Kopflastige Gletscher
Den Daten zufolge schmilzt der Gletscher im Frühjahr vor allem von oben, durch die sich erwärmende Luft. Im August hingegen sind die Prozesse wichtiger, die unterhalb der Wasserlinie ablaufen. Anscheinend drückt das am Gletschergrund ausströmende Schmelzwasser das relativ warme Meerwasser in Richtung Gletscher. Das Eis schmilzt dann von unten her, der Gletscher wird sozusagen kopflastig und kalbt eher.

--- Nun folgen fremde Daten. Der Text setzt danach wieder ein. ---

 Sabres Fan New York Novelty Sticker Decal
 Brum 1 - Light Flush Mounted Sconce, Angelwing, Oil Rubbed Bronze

Dadurch sinkt der Widerstand, den die Gletscherfront dem nachrückenden Eis entgegensetzt, der Gletscher rutscht weiter ins Wasser und schmilzt schneller.
"Wir müssen also wohl auch andere Faktoren in unsere Berechnungen des Schmelzprozesses einbeziehen - wie die Meeresströmungen in Gletschernähe."
Um die Mechanismen genau zu entschlüsseln, werden weitere Gezeitengletscher untersucht. Ziel ist es, die Rolle des Ozeans abschätzen zu können – ob er beim derzeitigen Meeresspiegelanstieg den größeren Einfluss hat oder die Atmosphäre. Damit ließen sich die Vorhersagen zum Tempo des Meeresspiegelanstiegs verbessern.